In this number the pope describes the transition that takes place from being an evangelized community to becoming an evangelizing community of faith.  First, people are gathered together to hear the word of God, the Good News.  Then they are called upon to put this new way of life into their way of life, i.e. to take the Kingdom of God into their hearts and to begin to live it in their daily lives.  Men, however, must seek out the kingdom of God.  This requires effort.  They must build the kingdom in themselves by prayer, ascetics and good works.  All is grace, of course, but man must cooperate with grace. 
In doing so, they form a community and this community “becomes the herald of the Gospel.”  Everyone of the Christian community is called upon to be a preacher of the Gospel, each in his own way.  We are all called upon to be “a people he claims for his own to proclaim the glorious works of the One who called you from darkness into his marvelous light” (1 Pt 2:9).  This holds for everyone in the Church whether clergy or laity.
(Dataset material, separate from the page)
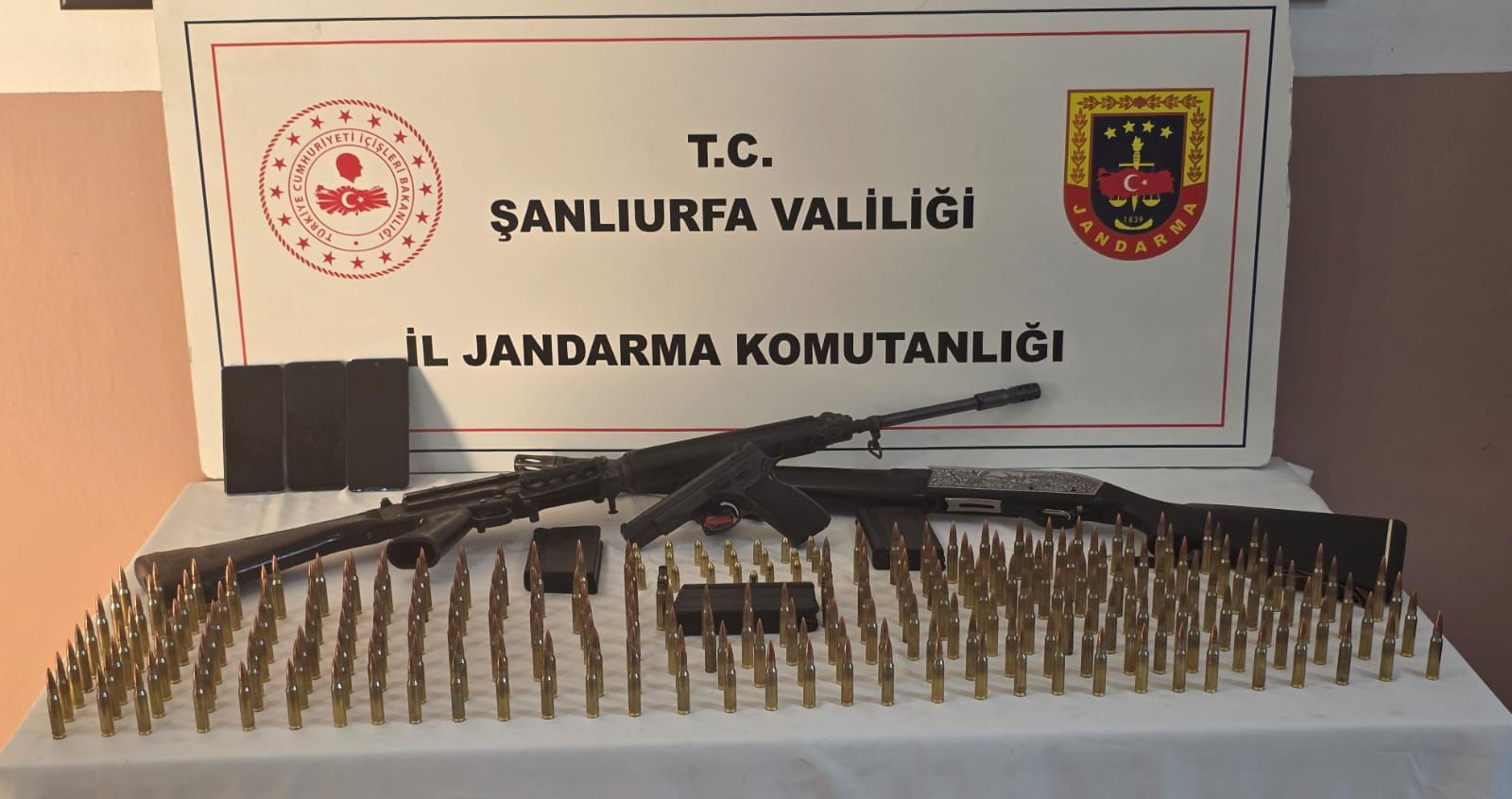 Şanlıurfa’da Piyade Tüfeği ve Cephanelik Ele Geçirildi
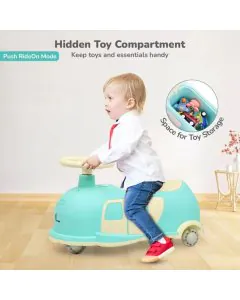 R for Rabbit Iya Iya Caravan Swing Car 3in1 Ride-On Green Beige SCIICVGB9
Each one has been able to hear of these “glorious works” in his own tongue.  That has been the big advantage of the liturgical renewal, that everyone can hear the word of God in his own language.  The Gospel and the homily were always in the vernacular of the people.  But with the coming of the local idioms as liturgical languages, the whole liturgy is in the language of the people.  This holds also for the sacraments.

Then the document states a very important fact: not only do believers have the responsibility to make known the Gospel, but also every non-believer has the right to hear about it.  “Moreover, the Good News of the kingdom which is coming and has already begun is meant for all men of all times.”  That means that every one we meet on the street, all those millions of Chinese workers who make the things we buy in the supermarket, and the criminals in our prisons are all meant to hear the message of the Kingdom.  And we must do what we can to bring it to them.  The document says that all men of all time are meant to hear the message.  How well have we done that?  Great work has been done.  Think of the great number of missionaries who were sent to Africa and South America in the eighteenth and nineteenth centuries.  Think of the present time when missionaries are being sent all over the world by some of the countries that have a very small percentage of Catholics themselves, like India.  But if we look at the world population and the percentage of Catholics in the world, we can see that much work is still needed until all have heard the message.

Once they receive the message, they also are called to pass it on to others.  It is a message about a kingdom that is coming but is already here.  It has begun among us.  When we are gathered together in the liturgy, the kingdom is here.  When we gather to do charitable things, the kingdom is here.  When we pray alone, the kingdom is here.  If we are baptized, we share in the kingdom, wherever we are.

Mary, Queen of the missions, pray for us.